Song by Van Morrison

from the album Veedon Fleece
- Released: October 1974
- Recorded: November 1973
- Genre: Folk rock; folk jazz; free jazz;
- Length: 6:14
- Label: Warner Bros.
- Songwriter(s): Van Morrison
- Producer(s): Van Morrison

= Fair Play (song) =

1974 song by Van Morrison

"Fair Play" is a song by Northern Irish artist Van Morrison. The opening track on the 1974 album Veedon Fleece, it derived its name from Morrison's Irish friend, Donall Corvin's repeated use of the Irish colloquialism "fair play to you" as a wry compliment.

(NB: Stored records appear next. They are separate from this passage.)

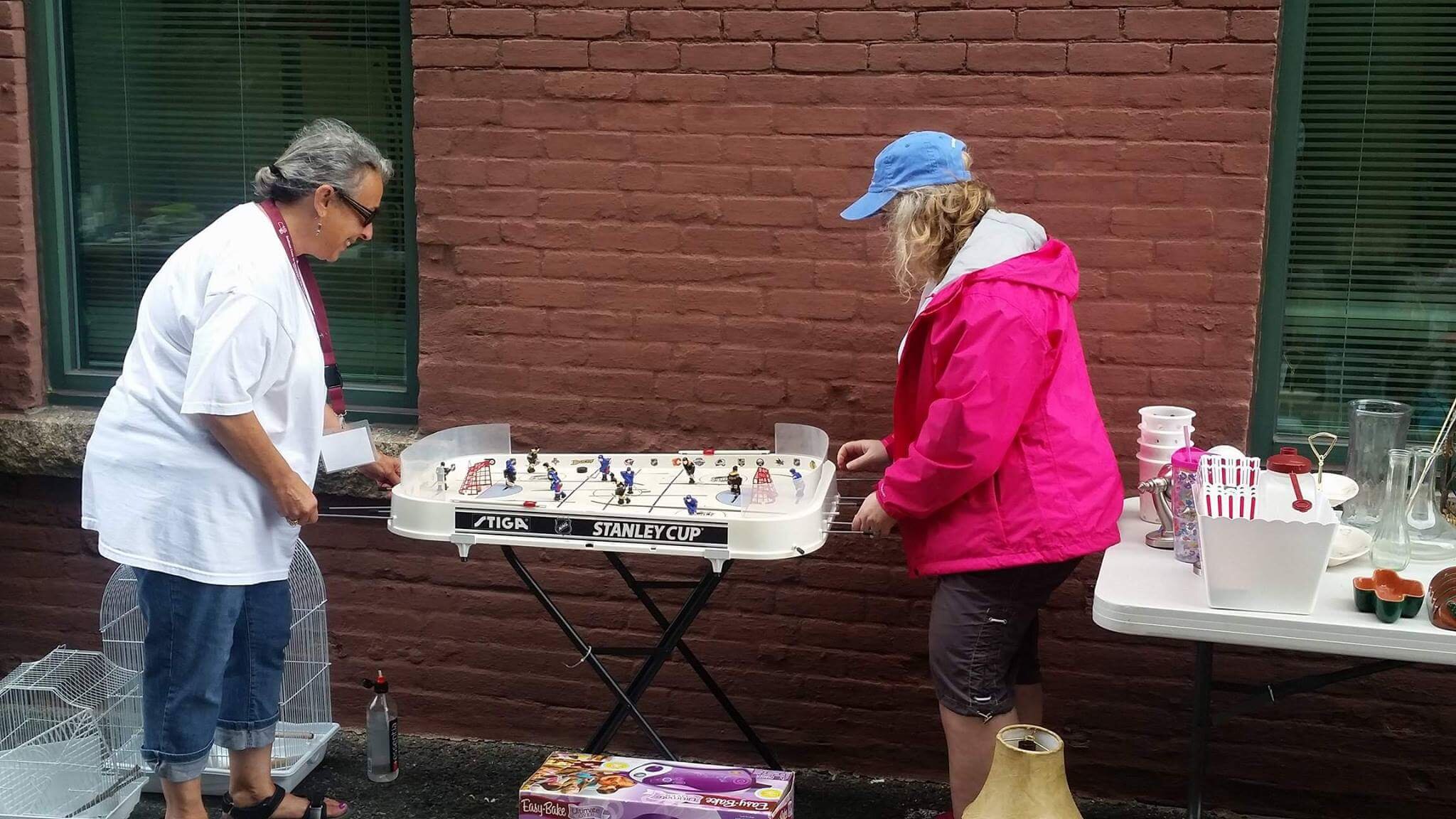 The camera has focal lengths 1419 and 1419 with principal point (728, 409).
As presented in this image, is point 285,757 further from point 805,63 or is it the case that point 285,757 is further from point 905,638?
point 805,63

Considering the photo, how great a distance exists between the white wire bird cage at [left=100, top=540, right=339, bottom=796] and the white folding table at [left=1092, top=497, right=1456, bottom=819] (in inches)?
104

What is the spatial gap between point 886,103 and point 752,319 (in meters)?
0.78

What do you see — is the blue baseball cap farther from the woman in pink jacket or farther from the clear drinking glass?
the clear drinking glass

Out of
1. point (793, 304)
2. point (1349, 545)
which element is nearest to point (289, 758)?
point (793, 304)

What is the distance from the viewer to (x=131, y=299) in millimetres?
5086

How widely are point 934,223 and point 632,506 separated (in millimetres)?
1041

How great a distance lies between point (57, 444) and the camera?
480 cm

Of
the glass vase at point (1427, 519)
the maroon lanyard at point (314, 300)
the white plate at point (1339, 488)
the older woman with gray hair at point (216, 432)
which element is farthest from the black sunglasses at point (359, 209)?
the glass vase at point (1427, 519)

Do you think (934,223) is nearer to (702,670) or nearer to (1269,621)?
(1269,621)

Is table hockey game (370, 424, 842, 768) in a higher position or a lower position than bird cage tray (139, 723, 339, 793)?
higher

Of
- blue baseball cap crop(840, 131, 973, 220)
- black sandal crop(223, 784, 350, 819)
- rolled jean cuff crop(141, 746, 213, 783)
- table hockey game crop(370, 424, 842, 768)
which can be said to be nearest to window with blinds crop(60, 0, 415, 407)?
table hockey game crop(370, 424, 842, 768)

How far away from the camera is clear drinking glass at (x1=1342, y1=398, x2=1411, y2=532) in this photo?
11.2 ft

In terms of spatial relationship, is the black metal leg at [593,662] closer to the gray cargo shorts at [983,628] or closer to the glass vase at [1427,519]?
the gray cargo shorts at [983,628]

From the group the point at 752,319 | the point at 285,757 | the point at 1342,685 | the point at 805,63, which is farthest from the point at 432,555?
the point at 1342,685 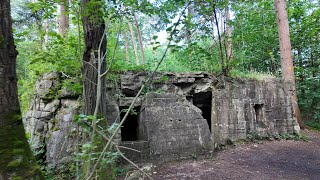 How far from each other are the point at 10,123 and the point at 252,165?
5.21 meters

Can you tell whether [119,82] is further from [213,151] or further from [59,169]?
[213,151]

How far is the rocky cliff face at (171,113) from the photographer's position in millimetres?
5021

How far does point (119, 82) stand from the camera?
19.3 ft

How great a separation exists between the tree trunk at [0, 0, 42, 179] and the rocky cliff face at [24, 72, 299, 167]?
2189mm

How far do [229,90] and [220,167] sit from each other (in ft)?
9.08

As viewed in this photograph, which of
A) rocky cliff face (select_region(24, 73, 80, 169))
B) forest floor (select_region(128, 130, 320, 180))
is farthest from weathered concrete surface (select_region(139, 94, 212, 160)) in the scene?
rocky cliff face (select_region(24, 73, 80, 169))

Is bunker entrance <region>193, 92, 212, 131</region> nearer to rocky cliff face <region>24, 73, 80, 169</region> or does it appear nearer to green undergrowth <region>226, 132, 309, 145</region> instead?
green undergrowth <region>226, 132, 309, 145</region>

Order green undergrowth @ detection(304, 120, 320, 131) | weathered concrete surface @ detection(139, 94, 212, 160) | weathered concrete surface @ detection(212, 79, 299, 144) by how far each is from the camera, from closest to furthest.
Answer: weathered concrete surface @ detection(139, 94, 212, 160)
weathered concrete surface @ detection(212, 79, 299, 144)
green undergrowth @ detection(304, 120, 320, 131)

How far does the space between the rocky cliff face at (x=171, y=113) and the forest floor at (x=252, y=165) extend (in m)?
0.42

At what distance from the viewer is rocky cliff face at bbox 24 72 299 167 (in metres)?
5.02

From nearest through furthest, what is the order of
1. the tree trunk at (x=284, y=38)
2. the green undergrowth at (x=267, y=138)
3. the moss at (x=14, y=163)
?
the moss at (x=14, y=163) < the green undergrowth at (x=267, y=138) < the tree trunk at (x=284, y=38)

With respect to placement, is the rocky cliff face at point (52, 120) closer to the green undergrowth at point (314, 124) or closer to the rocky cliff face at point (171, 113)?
the rocky cliff face at point (171, 113)

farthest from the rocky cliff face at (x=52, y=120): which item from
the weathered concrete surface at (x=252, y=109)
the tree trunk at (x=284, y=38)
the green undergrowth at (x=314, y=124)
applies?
the green undergrowth at (x=314, y=124)

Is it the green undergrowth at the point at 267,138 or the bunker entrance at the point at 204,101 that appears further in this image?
the bunker entrance at the point at 204,101
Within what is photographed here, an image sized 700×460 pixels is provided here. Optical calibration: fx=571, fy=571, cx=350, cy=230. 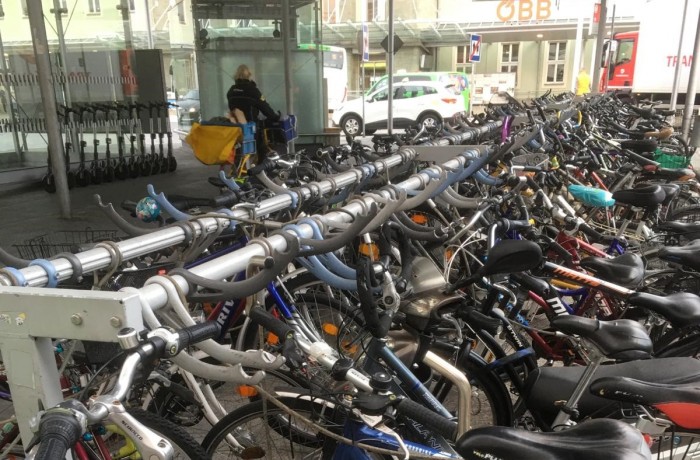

The 3/4 ballad references Irish city Killarney, and poets Oscar Wilde, Edgar Allan Poe and Henry David Thoreau, and according to Morrison, the song derived from "what was running through his head", and marked a return to the stream of consciousness channeled song-writing that had not been evident since several of the songs contained in his 1972 album Saint Dominic's Preview. "Fair Play" was included on the 2015 compilation The Essential Van Morrison.

==Reviews==
Allmusic describes the song as "a jazzy folk song which opens the album with soft strains of an acoustic guitar, upright bass, and natural-sounding piano that slowly start to come to life". The aforementioned sounds were described as "the kinds of sounds that bring to mind an autumn Sunday morning, when things seem rested, meditative, solid, and complete". As Veedon Fleece is often overlooked in favor of critically lauded Van Morrison's first major artistic breakthrough Astral Weeks, the album still picks up where the former record left off and more fully realizes the spiritual and musical quests set forth on Astral Weeks. The song is also described as deep, and "a soul number in the literal sense of the term".

==Live performance==
"Fair Play" was performed 56 times totally (three times in medleys).